I think this is adequate but if you also want to add a couple other cases to test exact restart of other physics (like netcdf_nobgc_suite.ts does), that's fine too. In general, we can't test every option with each other as we'd end up with millions of tests. So in this case, we're testing the default physics with various combinations of binary and netcdf history and restart to cover this feature.

By the way, noticed in the current PR, you still need to add restart_format to ug_case_settings.rst and icepack_index.rst. Didn't do a thorough review yet, just noticed that so I'll mention it. Thanks!

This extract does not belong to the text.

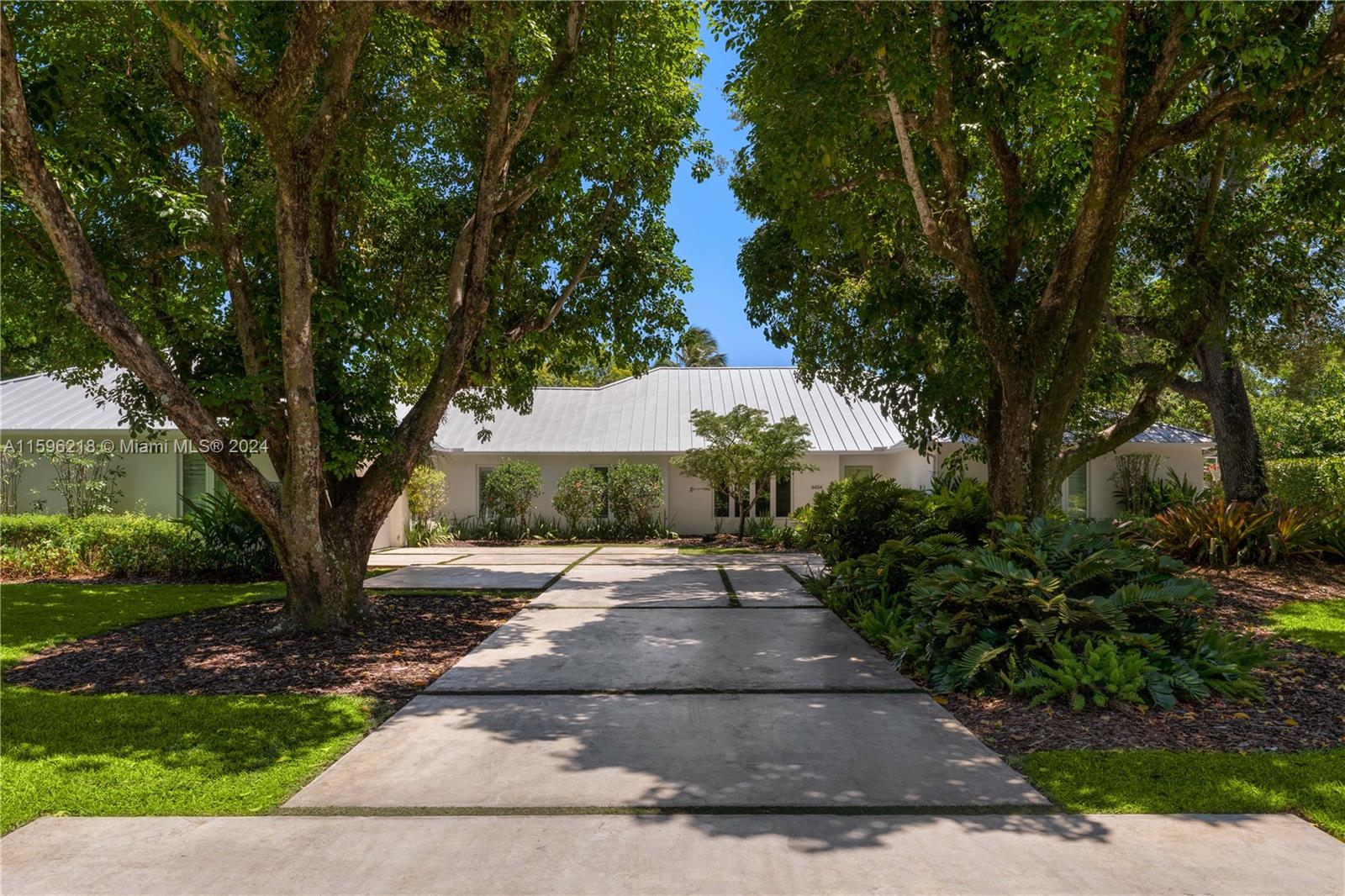 Beautifully renovated 5-bedroom, 4.5-bathroom 6,687 SF home on a spacious lot and quiet tree-lined street in Pinecrest. The residence exudes tremendous curb appeal, and an open layout and vaulted ceilings provide lots of natural light. The impressive eat-in kitchen features custom floor-to-ceiling cabinetry, high-end Wolf and SubZero appliances, gas range, large pantry, and an expansive center island with seating and storage spaces. The interior seamlessly connects to outdoor entertainment areas, a spacious covered patio, barbecue, pool, jacuzzi, and plenty of green space. Additional features include impact windows and doors, whole house generator, gym, two offices, ample parking with two garages, and a metal roof.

davidclemenssewall commented 1 year ago

Sounds good. I have finished reorganizing the code, changing the namelists and tests, etc. This most recent version passes all tests in base_suite, io_suite, the nobgc netcdf restart suite (which I've now removed), and the CICE quick_suite. I think that I've updated the documentation in the correct places, but let me know if I've missed anything there. I'll be out of the office for the next two weeks so if any further fixes are needed I'll get to them after then. Thanks!

davidclemenssewall commented 1 year ago

The automated testing is failing with this error: ./icepack.setup: ERROR, /Users/runner/icepack/configuration/scripts/options/set_[nml,env].restcdf# not found

Which is confusing to me because set_nml.restcdf is present (and worked in my ubuntu container).

apcraig commented 1 year ago

I think the CI is failing because you may need a return character at the end of the io_suite.ts file. It looks like the CI env is adding a # there for reasons I don't understand. But I suspect returning to a new line will fix that.

The other thing I suggest is setting the default value of history_format to "none". Also, please add checks in icedrv_init.F90 to check for valid values for history_format and restart_format. Those valid values should be "['none','cdf'] and ['bin','cdf'] at this point I believe. Finally, the documentation of these two namelist variables in doc/source/user_guide/ug_case_settings.rst should follow the style for namelist with limited options,

   "``history_format``", "``cdf``", "history file output in netcdf format", "``none``"
   "","``none``","no history output",""

   "``restart_format``", "``bin``", "restart file output in binary format", "``bin``"
   "","``cdf``","restart file output in netcdf format",""

I will run some tests now just to check things are working as expected too. Thanks!

apcraig commented 1 year ago

I created a PR, https://github.com/davidclemenssewall/Icepack/pull/1, based on testing on cheyenne.

apcraig commented 1 year ago

@davidclemenssewall, have you had a chance to review my proposed changes? It would be good to get this PR merged. Thanks.

davidclemenssewall commented 1 year ago

@apcraig sorry for my delay. I'm still digging out from stuff that built up during the mosaic conference and the polar climate working group. All of the changes look good and thank you for fixing my errors (I just started learning fortran recently). I also checked that the base_suite and io_suite passed all tests on Ubuntu.

apcraig commented 1 year ago

@davidclemenssewall, no problem. just trying to keep things moving along. I will run a final test myself then will merge. Thanks for all your efforts, great to have new people contributing.